Monday, August 29, 2011

Tackling Intermediate Astronomy Problems (4)

We now delve further into the intricacies of planetary motion, including using material presented in 'Tackling Simple Astronomy Problems', especially Kepler's 3rd or harmonic law. Recall from that law:

(T1/ T2)^2 = k(a1/ a2)^3

where T1, T2 are the periods, related to a1, a2 - the semi-major axes, as shown.

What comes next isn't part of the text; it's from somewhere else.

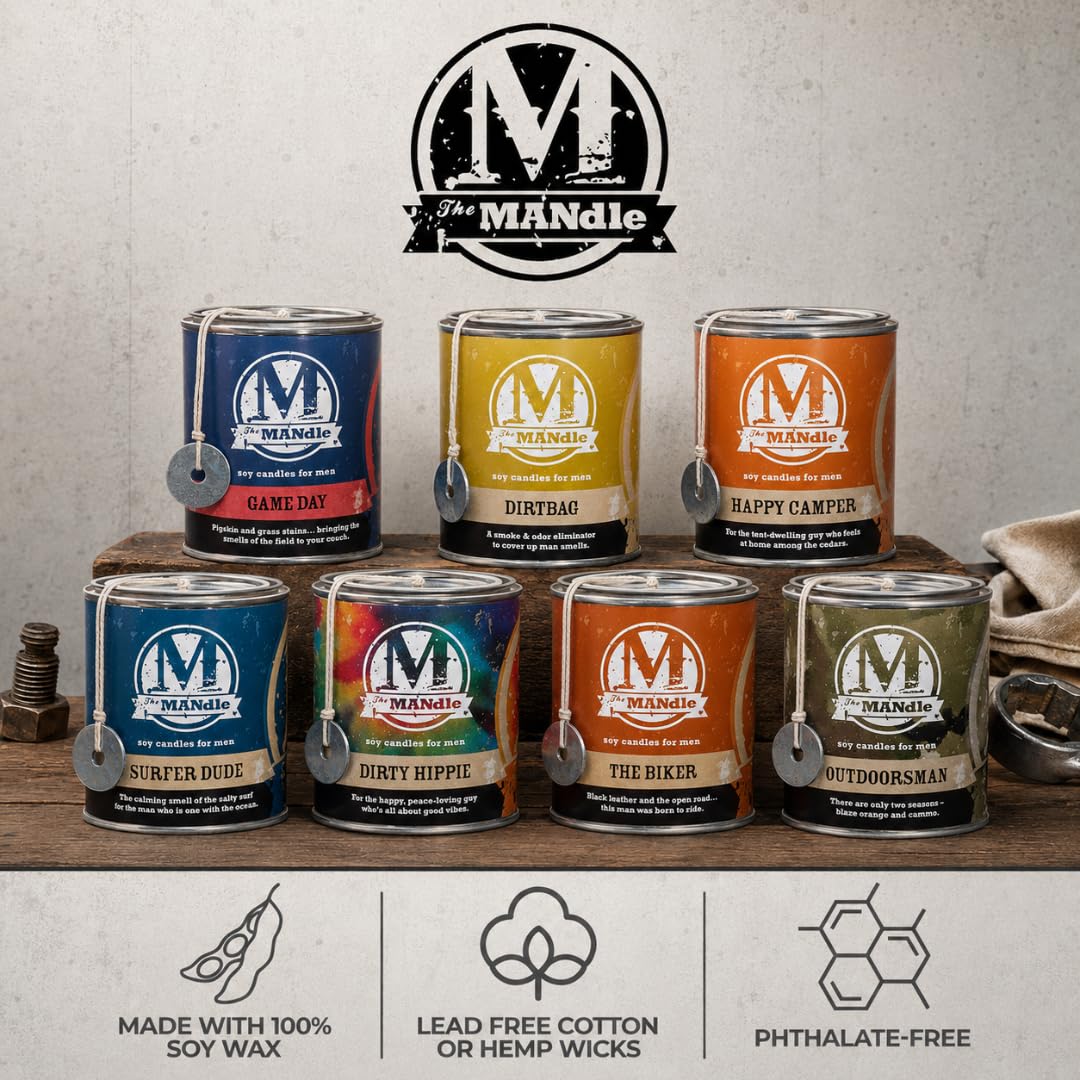ECO CANDLE CO. The Mandle Soy Candle for Men - Scents of Motor Oil & Grease - Grease Monkey, 15 oz. Paint Can - 100% Soy Wax, No Lead, Hand Poured, Phthalate Free, Made from Midwest Grown Soybeans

Now, it should be clear that once the sidereal period T of a planet is known, and also the semi-major axis a(or mean heliocentric distance) then the velocity of the planet in its orbit (assumed circular) can be computed, or:

V= 2π a/ T

Hence, for two planets, the ratio of their orbital velocities is:

V2/V1 = (a2/a1) (T1/T2)

where we intentionally allow the numbers 1 and 2 to refer to the inner and outer planets, respectively. As may deduced form Kepler's 3rd law:

T1 = [(a1)^3/k]^½ and T2 = [(a2)^3/k]^½

Substituting for T1 and T2 in the earlier form:

V2/ V1 = (a1/a2)^½

Now, in Fig. 1, the orbits for the Earth and a superior planet are shown, and the semi-majore axis are denoted by a and b, respectively. For any superior planet, b > a.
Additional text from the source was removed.